EXTRACTED DATA below:

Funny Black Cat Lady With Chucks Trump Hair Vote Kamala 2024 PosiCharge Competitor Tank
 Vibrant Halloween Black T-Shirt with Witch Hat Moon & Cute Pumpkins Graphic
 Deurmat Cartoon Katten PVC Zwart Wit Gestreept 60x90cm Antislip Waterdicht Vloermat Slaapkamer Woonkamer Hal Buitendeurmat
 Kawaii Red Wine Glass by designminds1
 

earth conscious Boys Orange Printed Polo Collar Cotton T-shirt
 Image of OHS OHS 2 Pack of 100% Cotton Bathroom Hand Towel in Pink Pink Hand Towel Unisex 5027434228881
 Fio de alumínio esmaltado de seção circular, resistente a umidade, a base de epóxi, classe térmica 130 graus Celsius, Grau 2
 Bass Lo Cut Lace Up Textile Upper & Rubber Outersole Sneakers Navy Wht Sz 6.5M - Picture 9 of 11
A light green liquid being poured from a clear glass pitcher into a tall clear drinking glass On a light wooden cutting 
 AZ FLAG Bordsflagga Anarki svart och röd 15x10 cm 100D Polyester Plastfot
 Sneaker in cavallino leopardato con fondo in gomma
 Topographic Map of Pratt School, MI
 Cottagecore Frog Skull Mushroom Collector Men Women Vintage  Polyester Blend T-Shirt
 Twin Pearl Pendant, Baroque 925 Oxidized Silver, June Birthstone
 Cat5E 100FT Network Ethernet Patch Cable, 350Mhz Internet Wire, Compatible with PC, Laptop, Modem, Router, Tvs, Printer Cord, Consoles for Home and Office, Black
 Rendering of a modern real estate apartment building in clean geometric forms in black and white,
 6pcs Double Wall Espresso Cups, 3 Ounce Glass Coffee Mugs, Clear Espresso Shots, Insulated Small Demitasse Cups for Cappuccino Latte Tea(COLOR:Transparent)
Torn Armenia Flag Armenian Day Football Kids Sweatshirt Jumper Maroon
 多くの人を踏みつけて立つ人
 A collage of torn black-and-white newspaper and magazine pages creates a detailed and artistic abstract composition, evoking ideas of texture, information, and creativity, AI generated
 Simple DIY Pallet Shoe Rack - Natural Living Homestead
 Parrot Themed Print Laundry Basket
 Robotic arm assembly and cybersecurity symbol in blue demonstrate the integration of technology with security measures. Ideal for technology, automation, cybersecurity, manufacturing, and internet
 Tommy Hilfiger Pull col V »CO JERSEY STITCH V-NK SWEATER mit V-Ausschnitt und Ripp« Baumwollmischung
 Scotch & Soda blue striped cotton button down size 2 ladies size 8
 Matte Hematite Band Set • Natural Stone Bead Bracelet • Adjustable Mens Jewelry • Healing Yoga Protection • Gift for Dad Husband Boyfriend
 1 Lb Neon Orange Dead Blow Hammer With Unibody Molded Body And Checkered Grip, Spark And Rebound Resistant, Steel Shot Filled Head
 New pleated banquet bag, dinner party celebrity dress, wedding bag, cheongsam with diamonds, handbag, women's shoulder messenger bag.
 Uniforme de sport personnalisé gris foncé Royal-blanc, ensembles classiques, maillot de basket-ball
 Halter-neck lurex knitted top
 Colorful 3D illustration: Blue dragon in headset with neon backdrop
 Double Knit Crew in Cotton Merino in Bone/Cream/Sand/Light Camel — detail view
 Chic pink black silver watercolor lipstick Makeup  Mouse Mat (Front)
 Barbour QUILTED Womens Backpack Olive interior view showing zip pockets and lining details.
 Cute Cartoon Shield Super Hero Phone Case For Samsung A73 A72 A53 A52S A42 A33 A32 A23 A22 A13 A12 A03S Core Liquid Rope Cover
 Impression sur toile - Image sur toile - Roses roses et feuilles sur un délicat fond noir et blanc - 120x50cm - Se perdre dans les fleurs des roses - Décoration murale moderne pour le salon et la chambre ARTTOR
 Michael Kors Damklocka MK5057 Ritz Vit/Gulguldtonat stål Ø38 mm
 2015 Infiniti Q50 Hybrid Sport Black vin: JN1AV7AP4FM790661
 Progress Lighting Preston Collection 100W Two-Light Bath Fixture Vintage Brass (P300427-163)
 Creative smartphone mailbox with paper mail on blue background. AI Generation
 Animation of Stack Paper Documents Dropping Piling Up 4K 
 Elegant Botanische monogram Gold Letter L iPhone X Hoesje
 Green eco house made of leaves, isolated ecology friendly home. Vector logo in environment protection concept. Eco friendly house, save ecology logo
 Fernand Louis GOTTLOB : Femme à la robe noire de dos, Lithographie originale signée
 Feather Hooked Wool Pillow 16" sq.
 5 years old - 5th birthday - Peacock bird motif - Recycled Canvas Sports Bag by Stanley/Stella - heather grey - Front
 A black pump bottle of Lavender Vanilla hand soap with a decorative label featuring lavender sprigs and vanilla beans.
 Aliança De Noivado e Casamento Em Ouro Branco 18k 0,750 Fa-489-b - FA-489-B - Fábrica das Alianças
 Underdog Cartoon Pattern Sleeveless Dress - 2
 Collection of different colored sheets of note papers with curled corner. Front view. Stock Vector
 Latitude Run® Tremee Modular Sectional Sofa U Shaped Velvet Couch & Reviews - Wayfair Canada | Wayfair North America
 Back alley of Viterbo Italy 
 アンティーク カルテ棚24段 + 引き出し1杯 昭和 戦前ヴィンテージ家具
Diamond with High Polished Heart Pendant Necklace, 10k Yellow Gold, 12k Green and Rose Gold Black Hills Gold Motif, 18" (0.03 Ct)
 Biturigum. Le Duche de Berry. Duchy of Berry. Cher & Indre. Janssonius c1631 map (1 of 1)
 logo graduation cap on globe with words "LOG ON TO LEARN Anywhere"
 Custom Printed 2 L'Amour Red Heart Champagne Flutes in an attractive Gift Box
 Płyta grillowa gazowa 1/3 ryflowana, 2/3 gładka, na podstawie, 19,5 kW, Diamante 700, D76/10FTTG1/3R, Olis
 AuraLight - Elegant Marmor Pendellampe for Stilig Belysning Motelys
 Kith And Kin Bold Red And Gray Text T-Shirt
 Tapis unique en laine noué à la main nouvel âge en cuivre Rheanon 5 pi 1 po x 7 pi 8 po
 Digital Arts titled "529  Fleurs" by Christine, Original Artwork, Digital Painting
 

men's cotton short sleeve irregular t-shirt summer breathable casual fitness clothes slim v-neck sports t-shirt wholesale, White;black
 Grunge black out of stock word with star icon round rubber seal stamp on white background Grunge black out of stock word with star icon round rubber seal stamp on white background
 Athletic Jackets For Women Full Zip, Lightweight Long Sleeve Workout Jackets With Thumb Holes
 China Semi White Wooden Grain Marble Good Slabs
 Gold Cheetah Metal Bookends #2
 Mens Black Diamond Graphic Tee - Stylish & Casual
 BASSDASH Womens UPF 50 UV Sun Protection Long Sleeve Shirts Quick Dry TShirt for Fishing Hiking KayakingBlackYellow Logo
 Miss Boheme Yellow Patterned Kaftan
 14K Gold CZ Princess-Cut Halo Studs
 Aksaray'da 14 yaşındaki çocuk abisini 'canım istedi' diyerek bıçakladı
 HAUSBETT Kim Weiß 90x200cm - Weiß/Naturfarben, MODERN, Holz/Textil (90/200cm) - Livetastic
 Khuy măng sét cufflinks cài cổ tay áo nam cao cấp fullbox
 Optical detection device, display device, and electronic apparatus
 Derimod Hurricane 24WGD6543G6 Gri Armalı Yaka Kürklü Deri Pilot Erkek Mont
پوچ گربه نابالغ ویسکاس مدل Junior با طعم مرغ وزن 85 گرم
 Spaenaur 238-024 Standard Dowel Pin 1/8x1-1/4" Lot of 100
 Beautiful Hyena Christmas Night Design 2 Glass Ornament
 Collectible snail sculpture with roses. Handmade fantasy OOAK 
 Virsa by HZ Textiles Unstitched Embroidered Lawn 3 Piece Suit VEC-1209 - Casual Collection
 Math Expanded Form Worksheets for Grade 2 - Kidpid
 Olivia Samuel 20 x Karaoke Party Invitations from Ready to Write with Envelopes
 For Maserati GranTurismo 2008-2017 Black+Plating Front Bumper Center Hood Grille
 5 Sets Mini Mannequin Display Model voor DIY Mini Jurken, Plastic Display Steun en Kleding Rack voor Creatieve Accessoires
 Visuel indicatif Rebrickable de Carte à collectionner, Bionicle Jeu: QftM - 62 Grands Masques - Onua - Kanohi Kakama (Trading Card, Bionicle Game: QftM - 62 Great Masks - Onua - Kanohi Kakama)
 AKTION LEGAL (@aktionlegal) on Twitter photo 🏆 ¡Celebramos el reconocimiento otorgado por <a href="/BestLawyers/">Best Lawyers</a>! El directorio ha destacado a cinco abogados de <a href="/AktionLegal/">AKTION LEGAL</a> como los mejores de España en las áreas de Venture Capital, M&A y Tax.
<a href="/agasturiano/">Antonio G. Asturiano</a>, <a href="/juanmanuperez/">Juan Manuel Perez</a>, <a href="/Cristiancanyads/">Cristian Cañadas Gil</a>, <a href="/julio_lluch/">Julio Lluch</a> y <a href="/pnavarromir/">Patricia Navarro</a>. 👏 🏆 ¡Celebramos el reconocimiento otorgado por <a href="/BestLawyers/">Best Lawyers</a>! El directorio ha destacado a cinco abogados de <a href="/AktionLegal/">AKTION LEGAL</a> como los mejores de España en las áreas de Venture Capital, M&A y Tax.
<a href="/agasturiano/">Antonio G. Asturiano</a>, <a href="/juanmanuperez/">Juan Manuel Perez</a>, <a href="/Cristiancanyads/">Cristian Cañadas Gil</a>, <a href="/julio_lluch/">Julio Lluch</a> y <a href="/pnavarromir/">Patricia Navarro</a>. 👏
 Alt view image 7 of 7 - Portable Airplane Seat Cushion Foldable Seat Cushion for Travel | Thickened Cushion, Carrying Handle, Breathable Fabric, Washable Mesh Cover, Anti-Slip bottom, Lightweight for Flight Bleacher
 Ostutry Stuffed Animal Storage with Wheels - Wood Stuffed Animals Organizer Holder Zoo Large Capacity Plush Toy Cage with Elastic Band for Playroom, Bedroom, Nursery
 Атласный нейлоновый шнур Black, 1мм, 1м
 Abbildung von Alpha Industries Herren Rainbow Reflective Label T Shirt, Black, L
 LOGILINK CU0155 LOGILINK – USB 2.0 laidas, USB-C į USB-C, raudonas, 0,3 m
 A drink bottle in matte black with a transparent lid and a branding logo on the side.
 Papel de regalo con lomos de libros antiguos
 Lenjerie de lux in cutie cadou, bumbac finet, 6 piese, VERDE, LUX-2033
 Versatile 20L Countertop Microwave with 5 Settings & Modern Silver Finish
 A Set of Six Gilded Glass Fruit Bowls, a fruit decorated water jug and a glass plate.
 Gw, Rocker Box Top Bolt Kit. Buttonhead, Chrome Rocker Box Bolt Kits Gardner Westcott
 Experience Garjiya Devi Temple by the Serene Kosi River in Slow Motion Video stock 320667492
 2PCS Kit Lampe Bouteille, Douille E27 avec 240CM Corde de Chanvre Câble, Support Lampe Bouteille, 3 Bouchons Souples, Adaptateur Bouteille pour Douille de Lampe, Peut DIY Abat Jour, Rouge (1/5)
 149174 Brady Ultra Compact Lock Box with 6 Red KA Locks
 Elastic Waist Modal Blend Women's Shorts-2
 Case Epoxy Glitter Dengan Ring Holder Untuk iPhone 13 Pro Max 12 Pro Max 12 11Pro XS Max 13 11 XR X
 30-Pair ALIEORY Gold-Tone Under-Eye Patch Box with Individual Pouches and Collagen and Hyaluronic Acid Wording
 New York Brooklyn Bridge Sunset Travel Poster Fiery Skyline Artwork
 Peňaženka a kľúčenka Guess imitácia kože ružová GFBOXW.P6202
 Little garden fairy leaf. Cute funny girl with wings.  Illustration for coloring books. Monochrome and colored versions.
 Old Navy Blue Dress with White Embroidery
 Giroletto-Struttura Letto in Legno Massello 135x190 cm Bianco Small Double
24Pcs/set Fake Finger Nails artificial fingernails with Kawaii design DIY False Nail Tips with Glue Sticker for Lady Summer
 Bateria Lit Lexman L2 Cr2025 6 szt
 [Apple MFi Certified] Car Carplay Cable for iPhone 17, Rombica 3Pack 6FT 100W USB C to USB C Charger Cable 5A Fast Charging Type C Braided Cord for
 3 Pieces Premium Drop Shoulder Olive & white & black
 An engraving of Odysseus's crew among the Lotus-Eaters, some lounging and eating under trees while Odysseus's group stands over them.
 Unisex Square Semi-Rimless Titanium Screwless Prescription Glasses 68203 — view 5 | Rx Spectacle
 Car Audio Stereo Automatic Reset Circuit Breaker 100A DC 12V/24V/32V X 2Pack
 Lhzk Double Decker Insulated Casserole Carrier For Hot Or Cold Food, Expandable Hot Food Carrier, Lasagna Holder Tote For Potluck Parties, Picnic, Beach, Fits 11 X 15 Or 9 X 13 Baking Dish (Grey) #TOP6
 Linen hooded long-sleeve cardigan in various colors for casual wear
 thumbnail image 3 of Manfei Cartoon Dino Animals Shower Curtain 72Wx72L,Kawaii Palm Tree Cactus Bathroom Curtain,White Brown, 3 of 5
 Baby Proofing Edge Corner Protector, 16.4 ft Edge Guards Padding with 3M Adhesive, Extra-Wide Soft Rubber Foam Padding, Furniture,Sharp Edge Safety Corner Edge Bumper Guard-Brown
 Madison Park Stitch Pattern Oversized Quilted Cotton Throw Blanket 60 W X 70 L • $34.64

End of EXTRACTED DATA.

Starting at the line that has "Olivia Samuel 20" in the records above, restate word for word every line until the one that has "5 Sets Mini", and include that one as well.

 Olivia Samuel 20 x Karaoke Party Invitations from Ready to Write with Envelopes
 For Maserati GranTurismo 2008-2017 Black+Plating Front Bumper Center Hood Grille
 5 Sets Mini Mannequin Display Model voor DIY Mini Jurken, Plastic Display Steun en Kleding Rack voor Creatieve Accessoires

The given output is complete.